Walking up and down the street on which my office is located is a woman. Everyday. All day. She carries all of her purses, of which there are generally 5 or 6 of them, slung over her forearm. They slow her down, drag her down, hold her back. The weight of whatever she keeps in her bags sometimes keep her from carrying on. She’ll rest on businesses’ steps or on the retaining walls by the public lot where I park. She’ll sit down with her purses and mumble to herself. Sometimes she’ll yell at the kids who roll by on their skateboards.
I once saw her in the morning drinking what looked like balsamic vinaigrette straight from the dressing bottle.
One time, when she was especially agitated by the local hooligans, she spouted a seemingly never ending diatribe regarding the dangers of smoking. While a cigarette dangled from her lips.

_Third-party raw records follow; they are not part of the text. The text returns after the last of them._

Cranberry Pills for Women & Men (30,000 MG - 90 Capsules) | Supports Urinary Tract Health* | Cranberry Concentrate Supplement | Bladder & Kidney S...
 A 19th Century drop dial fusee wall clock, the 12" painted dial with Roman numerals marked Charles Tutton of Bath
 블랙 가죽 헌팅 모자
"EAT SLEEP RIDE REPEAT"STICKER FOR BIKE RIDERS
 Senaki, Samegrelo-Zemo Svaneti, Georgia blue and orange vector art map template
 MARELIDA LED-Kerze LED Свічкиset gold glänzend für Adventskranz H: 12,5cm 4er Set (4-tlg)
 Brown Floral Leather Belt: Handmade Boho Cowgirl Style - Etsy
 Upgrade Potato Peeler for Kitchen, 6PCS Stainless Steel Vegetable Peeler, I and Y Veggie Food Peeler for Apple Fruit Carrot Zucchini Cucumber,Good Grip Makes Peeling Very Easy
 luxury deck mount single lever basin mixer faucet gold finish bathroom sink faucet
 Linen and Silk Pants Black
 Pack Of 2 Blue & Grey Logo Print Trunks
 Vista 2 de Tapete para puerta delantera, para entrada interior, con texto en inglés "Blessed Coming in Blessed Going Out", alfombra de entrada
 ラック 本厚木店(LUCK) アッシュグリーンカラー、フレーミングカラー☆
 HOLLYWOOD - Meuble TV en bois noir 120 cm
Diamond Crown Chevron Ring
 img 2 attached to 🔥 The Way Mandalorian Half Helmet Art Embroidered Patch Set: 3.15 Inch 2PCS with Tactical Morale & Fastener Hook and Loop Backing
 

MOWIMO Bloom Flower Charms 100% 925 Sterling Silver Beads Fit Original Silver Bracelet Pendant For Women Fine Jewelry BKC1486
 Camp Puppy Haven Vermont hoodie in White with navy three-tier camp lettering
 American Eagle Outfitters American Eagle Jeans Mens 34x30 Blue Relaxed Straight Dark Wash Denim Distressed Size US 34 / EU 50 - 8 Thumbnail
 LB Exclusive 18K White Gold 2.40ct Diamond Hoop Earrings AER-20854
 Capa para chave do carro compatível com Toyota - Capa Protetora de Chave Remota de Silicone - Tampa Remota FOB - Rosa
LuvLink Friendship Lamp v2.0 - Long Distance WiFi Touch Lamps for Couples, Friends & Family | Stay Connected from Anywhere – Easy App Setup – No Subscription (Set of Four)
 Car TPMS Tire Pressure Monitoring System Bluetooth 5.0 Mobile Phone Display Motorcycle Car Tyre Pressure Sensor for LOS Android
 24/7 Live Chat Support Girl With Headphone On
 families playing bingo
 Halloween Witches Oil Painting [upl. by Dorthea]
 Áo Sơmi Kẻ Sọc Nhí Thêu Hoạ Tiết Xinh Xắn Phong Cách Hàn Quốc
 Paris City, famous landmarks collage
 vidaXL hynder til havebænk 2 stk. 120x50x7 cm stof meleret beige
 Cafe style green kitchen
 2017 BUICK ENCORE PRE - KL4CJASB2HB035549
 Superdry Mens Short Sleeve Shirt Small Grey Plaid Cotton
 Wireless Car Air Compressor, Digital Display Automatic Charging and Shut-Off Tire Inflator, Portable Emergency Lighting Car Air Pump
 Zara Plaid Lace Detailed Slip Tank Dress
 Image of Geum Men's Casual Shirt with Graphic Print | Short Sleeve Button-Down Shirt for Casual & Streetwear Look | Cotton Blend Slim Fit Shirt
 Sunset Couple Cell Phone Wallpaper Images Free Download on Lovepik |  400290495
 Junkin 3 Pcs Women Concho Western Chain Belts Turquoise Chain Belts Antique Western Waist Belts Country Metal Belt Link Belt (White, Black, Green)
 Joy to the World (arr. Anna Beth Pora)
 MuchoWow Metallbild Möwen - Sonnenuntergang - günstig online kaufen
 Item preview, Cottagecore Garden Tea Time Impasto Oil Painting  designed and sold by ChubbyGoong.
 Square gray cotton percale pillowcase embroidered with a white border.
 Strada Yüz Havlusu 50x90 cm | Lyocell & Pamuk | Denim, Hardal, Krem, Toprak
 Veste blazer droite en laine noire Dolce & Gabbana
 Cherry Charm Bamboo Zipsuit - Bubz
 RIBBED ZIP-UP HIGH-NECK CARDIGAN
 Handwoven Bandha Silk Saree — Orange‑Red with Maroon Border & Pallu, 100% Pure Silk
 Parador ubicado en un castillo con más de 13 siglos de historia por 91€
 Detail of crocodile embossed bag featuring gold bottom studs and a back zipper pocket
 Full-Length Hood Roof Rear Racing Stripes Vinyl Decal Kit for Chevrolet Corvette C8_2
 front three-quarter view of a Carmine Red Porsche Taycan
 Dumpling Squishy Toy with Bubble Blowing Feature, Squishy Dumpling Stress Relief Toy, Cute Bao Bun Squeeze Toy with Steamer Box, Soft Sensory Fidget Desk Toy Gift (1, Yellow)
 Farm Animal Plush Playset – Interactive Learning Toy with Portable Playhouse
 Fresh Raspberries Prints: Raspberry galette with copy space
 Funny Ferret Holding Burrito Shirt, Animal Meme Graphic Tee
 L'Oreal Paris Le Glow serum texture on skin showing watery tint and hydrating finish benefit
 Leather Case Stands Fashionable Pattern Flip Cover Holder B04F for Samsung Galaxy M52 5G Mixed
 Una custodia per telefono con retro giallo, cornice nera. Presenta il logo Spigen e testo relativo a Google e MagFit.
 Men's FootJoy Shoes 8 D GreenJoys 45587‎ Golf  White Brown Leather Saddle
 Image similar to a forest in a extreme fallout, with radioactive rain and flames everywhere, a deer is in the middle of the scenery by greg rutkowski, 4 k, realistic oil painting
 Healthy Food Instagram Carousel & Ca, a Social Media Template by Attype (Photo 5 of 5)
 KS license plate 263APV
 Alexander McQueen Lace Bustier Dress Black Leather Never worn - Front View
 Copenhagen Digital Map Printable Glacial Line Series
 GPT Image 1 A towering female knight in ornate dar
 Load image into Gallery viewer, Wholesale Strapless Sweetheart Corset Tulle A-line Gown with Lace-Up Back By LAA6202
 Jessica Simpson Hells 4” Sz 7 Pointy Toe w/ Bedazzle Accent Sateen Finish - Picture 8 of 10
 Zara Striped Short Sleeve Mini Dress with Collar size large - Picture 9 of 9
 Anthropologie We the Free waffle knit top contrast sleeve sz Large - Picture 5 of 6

And then there was the time I saw her sitting on the steps of the post office, crying a deep, sorrowful cry. Tears hot with pain, the sort of cry that hurts your throat and burns your stomach. I don’t know what she was crying about because I didn’t ask, but I’m not sure I would have understood her if I had. She was crying for herself. For whatever was tearing her apart at that moment.
The weight on her shoulders is more than the sum of whatever she keeps in her purses. She lives with her illness, pushing down on her and keeping her from blending in to her surroundings. She doesn’t sleep on the streets, but she lives there. She walks its length with all of her things, carrying more than just her physical baggage.